Kissinger sends this one back too.  This time saying, “Great progress!  But still not your best work.  Stay with it, you’re almost there!”  The aide curses and grunts, but he goes back to his sources, finds some more insights and analysis, triple checks his work, and decides to personally hand in this version to his boss.

“Dr. Kissinger,” he says, “I have gone as far as I can with this assignment.  I’ve included more sources than I’ve ever used before and added stronger analysis than I ever thought possible.  This is as good as my paper will get.”

“OK,” Kissinger replies, “In that case, I guess I’ll read it now.”

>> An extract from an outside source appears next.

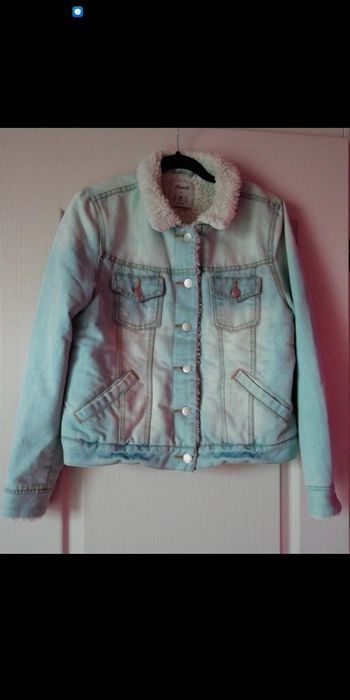 Blouson  demin fourrure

If your first reaction is that Kissinger was a jerk (which I’m sure he was), you’re missing the bigger picture.  By not settling, he got his aide to produce far superior work than the aide was ready to do.  And he used repeated, positive encouragement that appealed to the aide’s pride in his own craft to dig deep and take his work to the next level.

Of all the people we work with in some capacity, we most appreciate that teacher, coach, boss, trainer, and yes, client, who doesn’t let us settle for mediocrity.  They may not always be liked along the way, but they are paying us the biggest possible compliment by reminding us of the heights we are capable of.

Challenge the people who work for you, whether they’re on your own team or work for outside suppliers.  Really push them to stretch their creative muscles.  They will complain, for sure.  But in the end they will likely thank you.   And they will certainly respect you for helping bring out their best work.